------ DATA LISTING

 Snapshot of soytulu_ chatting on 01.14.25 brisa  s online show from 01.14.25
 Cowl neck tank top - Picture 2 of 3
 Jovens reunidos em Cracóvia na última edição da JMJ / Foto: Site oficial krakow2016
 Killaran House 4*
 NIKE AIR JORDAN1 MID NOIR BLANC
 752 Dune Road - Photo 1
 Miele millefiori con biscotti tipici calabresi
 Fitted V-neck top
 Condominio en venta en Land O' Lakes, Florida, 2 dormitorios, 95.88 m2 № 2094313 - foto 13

------------

> EXERCISE INSTRUCTIONS:
Please return a copy of each line in the entries that has the string "neck".

> WRITTEN SOLUTION:
 Cowl neck tank top - Picture 2 of 3
 Fitted V-neck top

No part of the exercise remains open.